Etre à l’heure du genre, aujourd’hui, dans le cadre du Festival des 3 Continents, c’est une manière de ponctualité envers deux exigences : d’une part témoigner d’un attachement à une certaine idée du cinéma dont le genre est un pilier, d’autre part de rendre compte de la vitalité des films du Sud, y compris dans des modes d’expressions assez peu présents hors des festivals spécialisés.
Le cinéma de genre pâtit, ce n’est rien de le dire, de certains a priori qui le rejettent volontiers au dehors de l’art. L’approche qui a longtemps dominé, on gagera qu’elle prévaut encore, consiste à considérer ces productions sous un angle prioritairement économique, la valeur commerciale des films suffisant parfois à lever la suspicion. Il serait vain de nier d’un bloc la pertinence de cet argument mais il convient de s’en saisir avec un effort de nuances. Les comédies, les thrillers, les films fantastiques, d’horreur ou d’action, occupent les premières places du box-office international : ce sont des films itinérants, voyageurs, indépendamment des références culturelles et des codes de représentation parfois très locaux qu’ils convoquent. Leur circulation suppose une réception élargie et souvent plus spontanée du cinéma des autres que ne le laisse penser le modèle d’un cinéma américain acculturant.

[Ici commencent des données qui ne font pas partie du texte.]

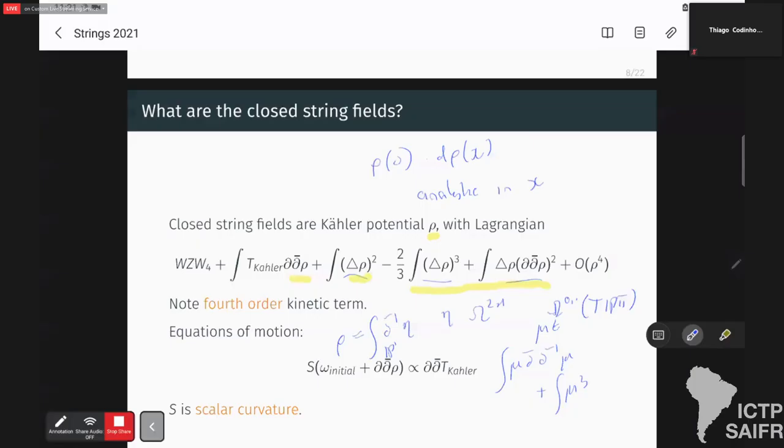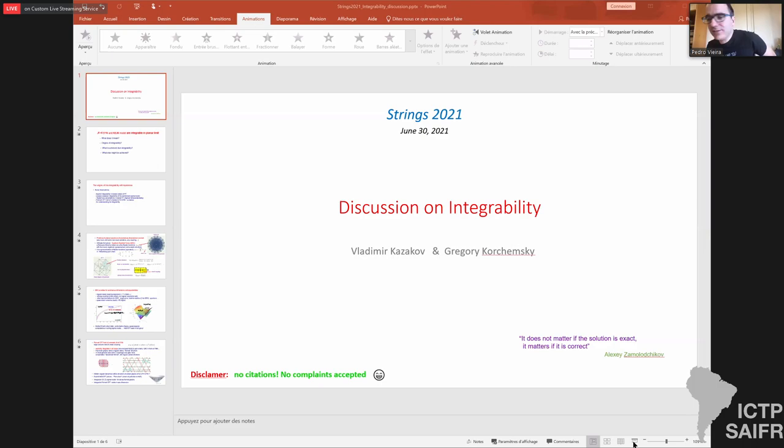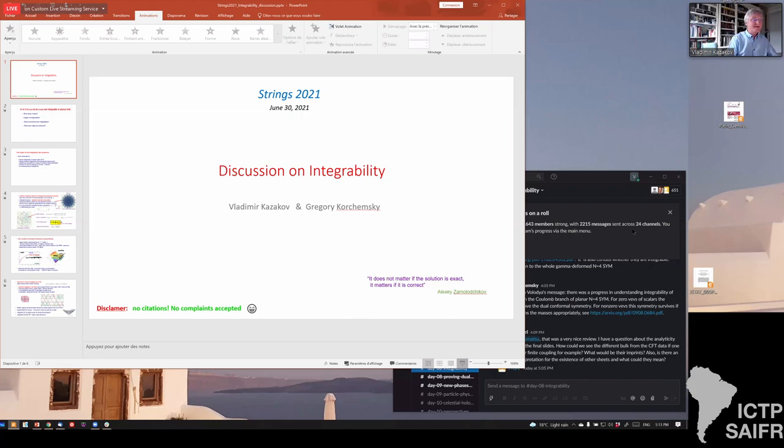The floor is passed to Volodya. Volodya and Grisha have 20 minutes for their strict presentation, followed by 30 minutes of questions and comments from everyone in the relaxed part. After a brief audio check confirming the speaker can be heard and the slides are visible, the 20-minute timer begins.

Film après film, sur la base d’une codification fondamentale et précise (intrigues, personnages, décors, scènes-clés, procédures formelles, etc.) le spectateur retrouve un ensemble de motifs familiers dont il peut à chaque fois vérifier l’état, mesurer la température – on regarde évoluer les genres comme on prend le pouls d’un ami de longue date.
En observant les répétitions et surtout les torsions que ces repères sont susceptibles de subir d’un film à l’autre, dans le renvoi de la balle d’un espace culturel à un autre, notre ambition serait de nous mettre à l’épreuve de l’actualité et de la vitalité du cinéma de genre dans les pays du Sud : distinguer ce qui s’y donne sous une forme reconnaissable et néanmoins particulière, comprendre aussi dans quelle mesure le cinéma de genre depuis les grands fondements hollywoodiens, continue d’être un terrain actif de pensée et d’invention formelle.
Ce que le cinéma de genre offre de précieux à nos yeux est une opportunité de croiser les publics, d’intéresser aussi bien les amateurs de divertissements spectaculaires que la cinéphilie la plus aventureuse. «À l’heure du genre» invite à la découverte de thrillers, de films fantastiques, d’horreur, d’action, des films pour certains en avant-première avant leur sortie nationale, pour d’autres privés de grand écran à ce jour.
À ce rendez-vous nous attendent déjà un gangster sentimental, des flics perdus dans Hong Kong, un double récalcitrant, un fantôme thaïlandais très énervé, des gâchettes virtuoses, quelques litres de sang, quelques frayeurs aussi et même, les tout premiers et déjà mythique zombies pakistanais.